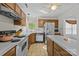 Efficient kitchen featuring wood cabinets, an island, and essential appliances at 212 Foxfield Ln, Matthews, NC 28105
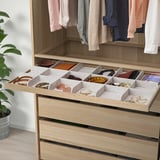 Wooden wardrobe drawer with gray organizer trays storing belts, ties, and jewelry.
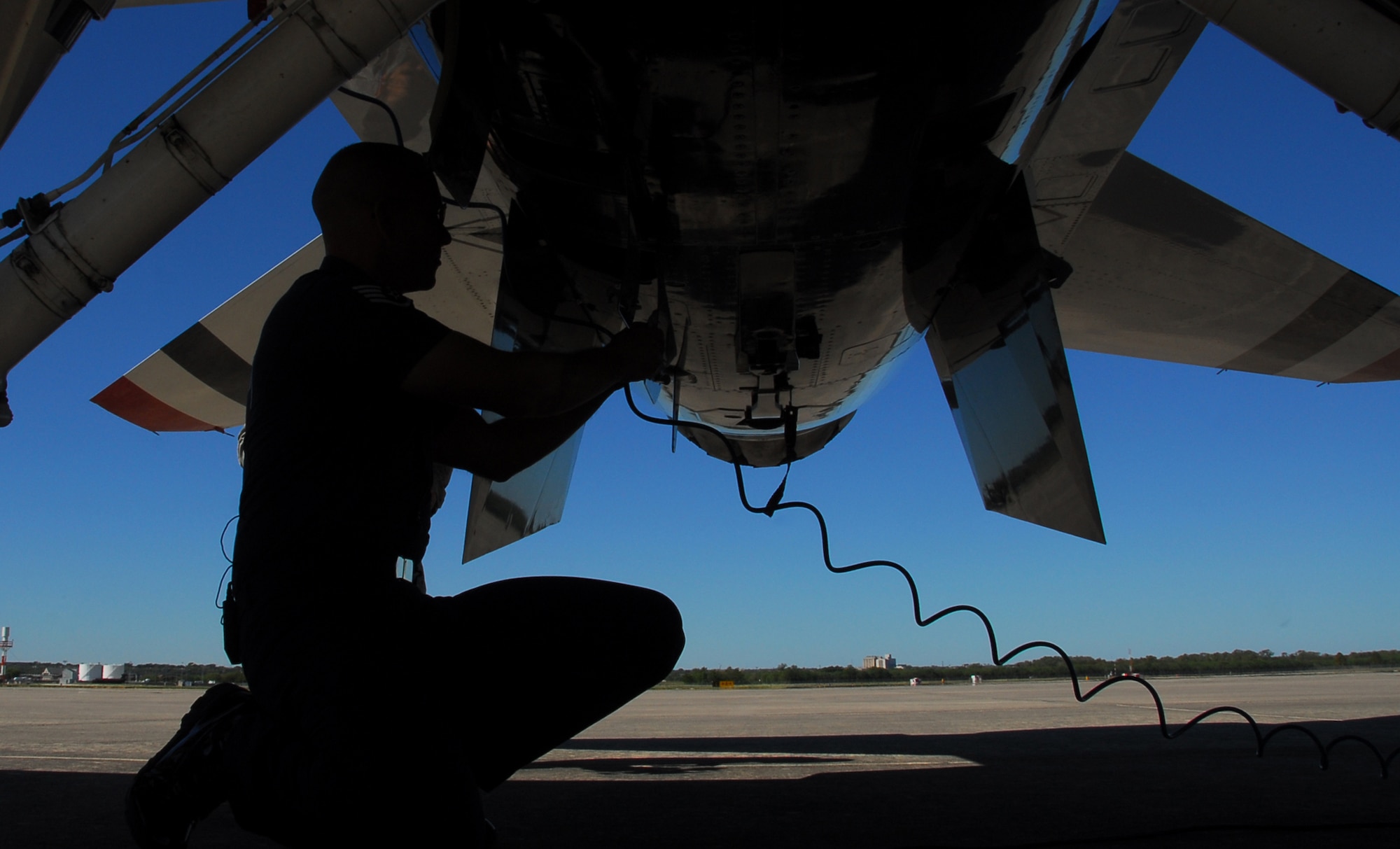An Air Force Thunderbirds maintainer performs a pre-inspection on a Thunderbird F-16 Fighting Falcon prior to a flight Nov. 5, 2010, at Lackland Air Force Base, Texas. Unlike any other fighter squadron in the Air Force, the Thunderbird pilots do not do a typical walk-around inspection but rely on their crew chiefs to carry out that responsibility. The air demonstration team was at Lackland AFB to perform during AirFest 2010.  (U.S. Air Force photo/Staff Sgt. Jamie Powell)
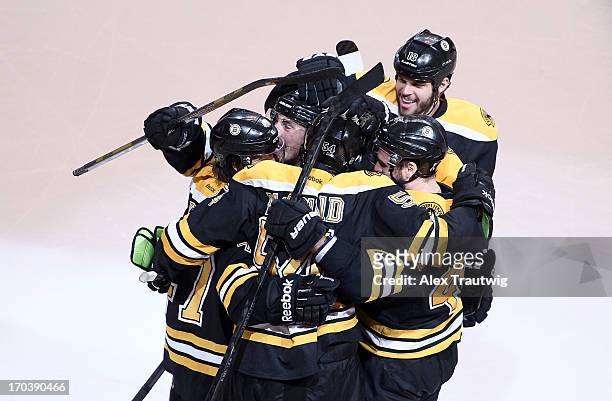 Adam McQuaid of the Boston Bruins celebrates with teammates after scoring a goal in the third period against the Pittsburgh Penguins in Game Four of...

* * *

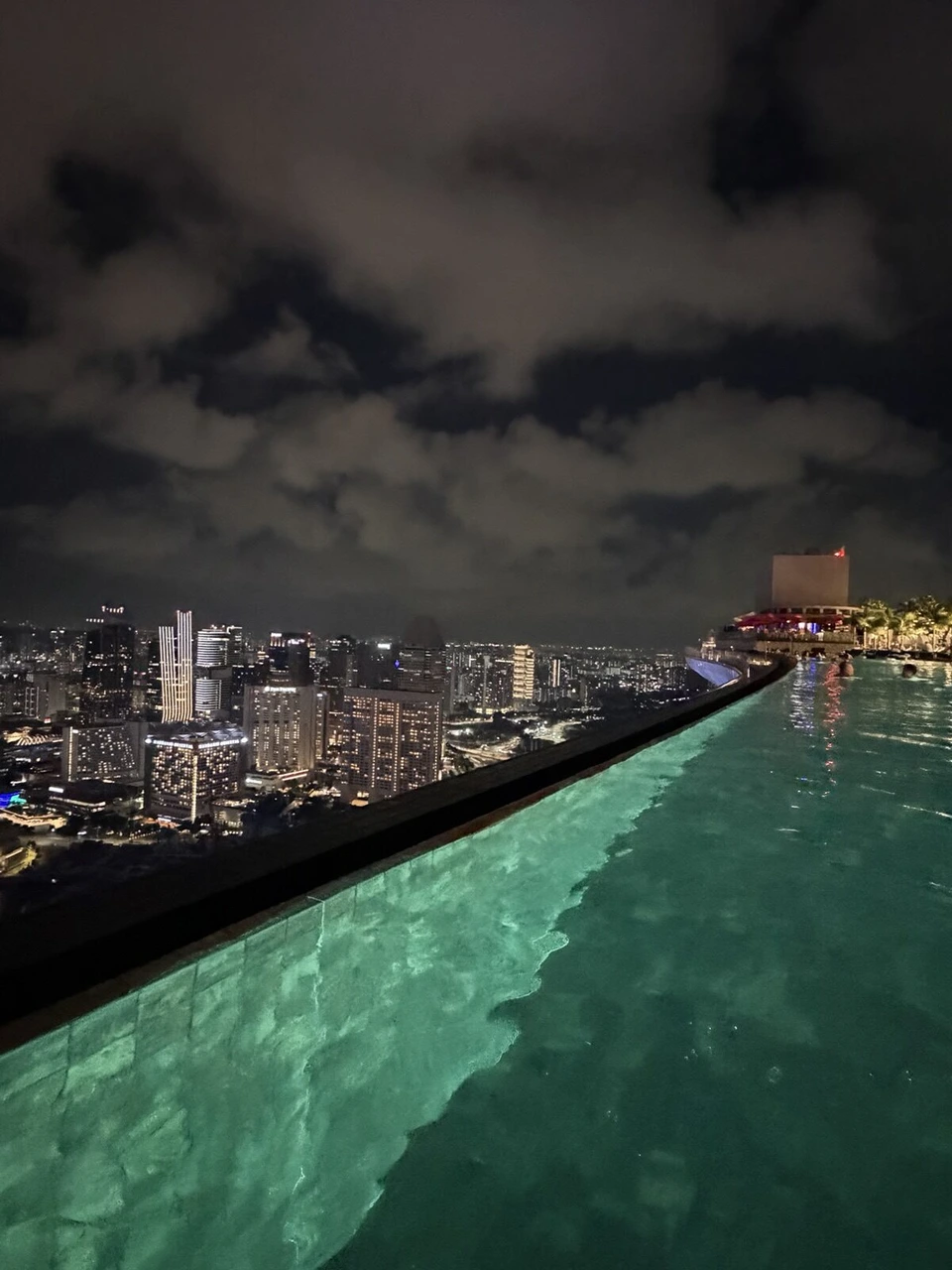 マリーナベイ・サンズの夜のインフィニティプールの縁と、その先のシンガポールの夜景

* * *

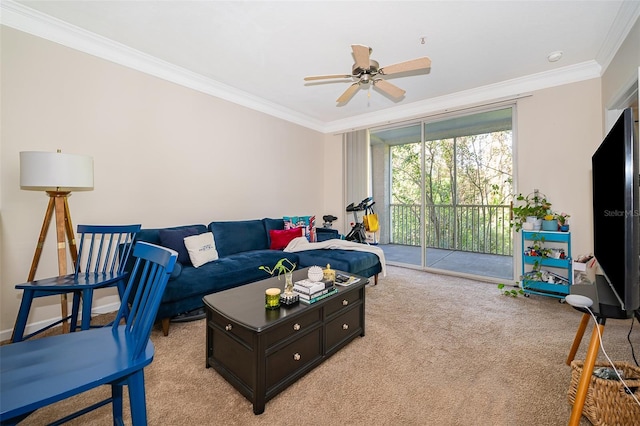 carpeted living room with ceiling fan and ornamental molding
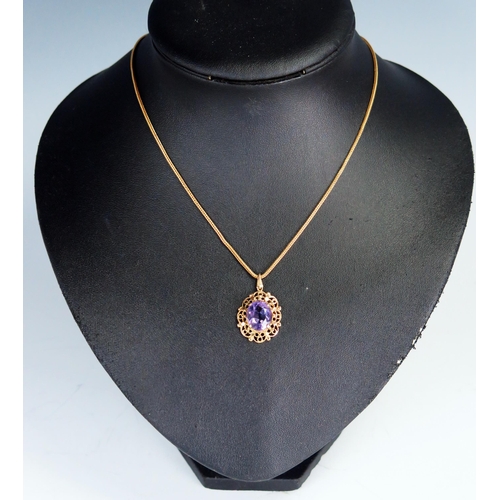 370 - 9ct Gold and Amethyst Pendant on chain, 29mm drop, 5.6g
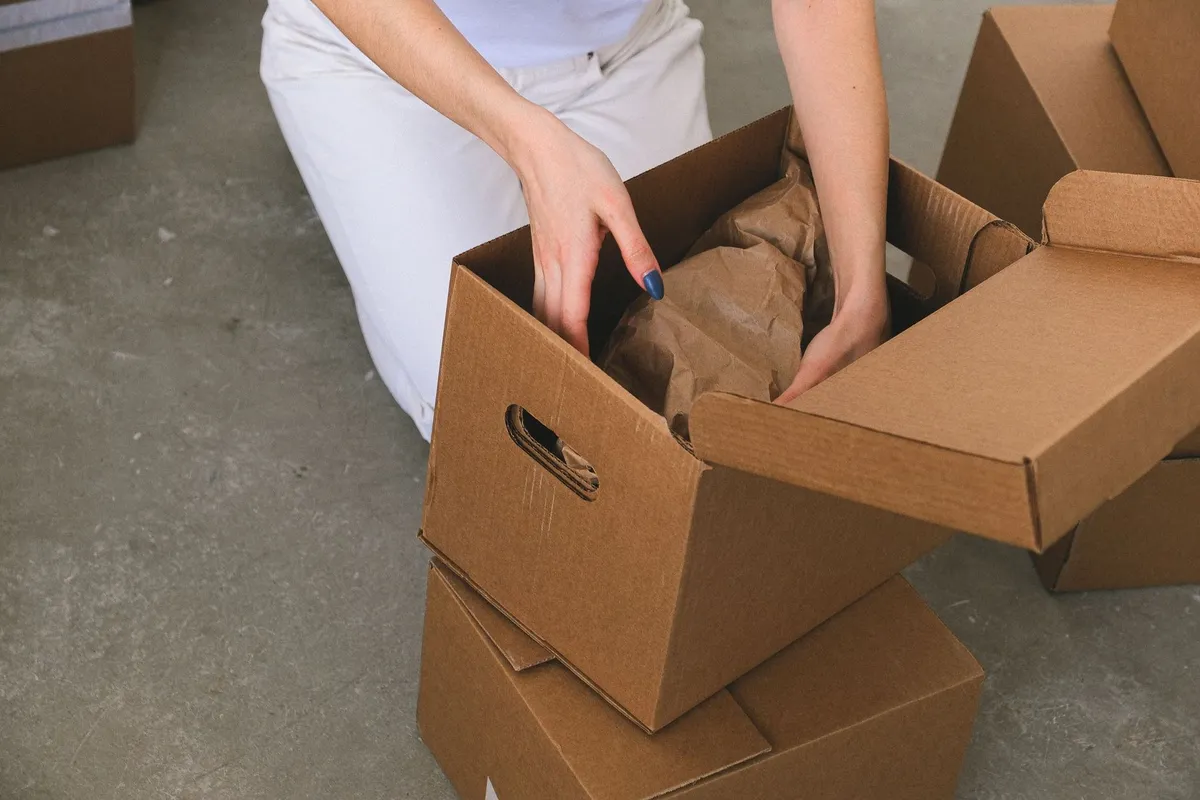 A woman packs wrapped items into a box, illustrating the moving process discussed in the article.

### ACTION ITEM
Copy exactly the lines of the entries above from the one containing "Efficient kitchen featuring" through the one containing "An Air Force". Both end lines count; pictures do not.

### ANSWER SPACE
 Efficient kitchen featuring wood cabinets, an island, and essential appliances at 212 Foxfield Ln, Matthews, NC 28105
 Wooden wardrobe drawer with gray organizer trays storing belts, ties, and jewelry.
An Air Force Thunderbirds maintainer performs a pre-inspection on a Thunderbird F-16 Fighting Falcon prior to a flight Nov. 5, 2010, at Lackland Air Force Base, Texas. Unlike any other fighter squadron in the Air Force, the Thunderbird pilots do not do a typical walk-around inspection but rely on their crew chiefs to carry out that responsibility. The air demonstration team was at Lackland AFB to perform during AirFest 2010.  (U.S. Air Force photo/Staff Sgt. Jamie Powell)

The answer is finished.